NEW: Outbreak Reported In China, Virus Identified By Wuhan Institute Of Virology Collaborator.


Dozens of cases of Langya virus have been reported in China, according to new research from scientists who were previously linked to controversial bat coronavirus studies at the Wuhan Institute of Virology.

The Langya henipavirus — referred to as LayV — belongs to a family of viruses that are “known to infect humans and cause fatal disease,” revealed a group of Chinese-led scientists in the New England Journal of Medicine.

Of the 35 confirmed LayV cases found in China’s Shandong and Henan provinces, however, none have proven deadly. Symptoms include fever, fatigue, cough, loss of appetite, and muscle aches.

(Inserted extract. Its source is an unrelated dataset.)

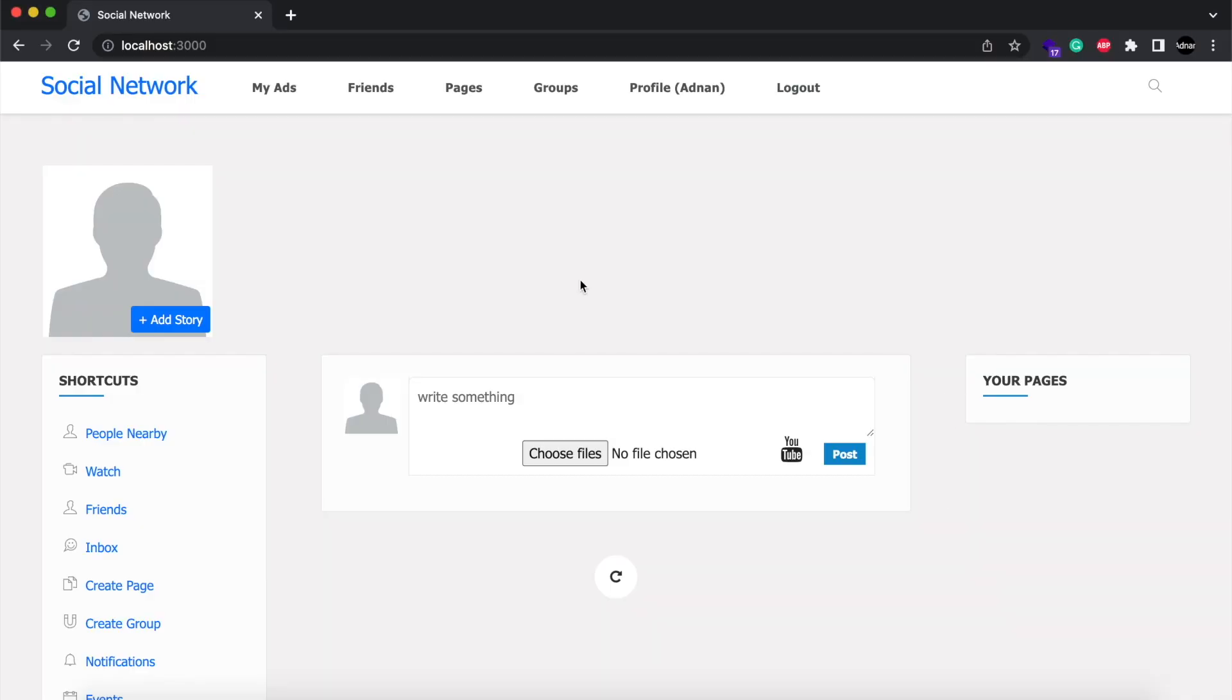Hello. In this video, we are going to share some new features we added in a social networking site in Node.js and MongoDB.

The majority of the scientists behind the paper identifying the virus are affiliated with Chinese Communist Party-run scientific institutions, which are notorious for their ties to the regime’s military efforts and biological warfare programs. Researchers from labs including the Beijing Institute of Microbiology and Epidemiology and State Key Laboratory of Pathogens and Biosecurity are among the paper’s authors.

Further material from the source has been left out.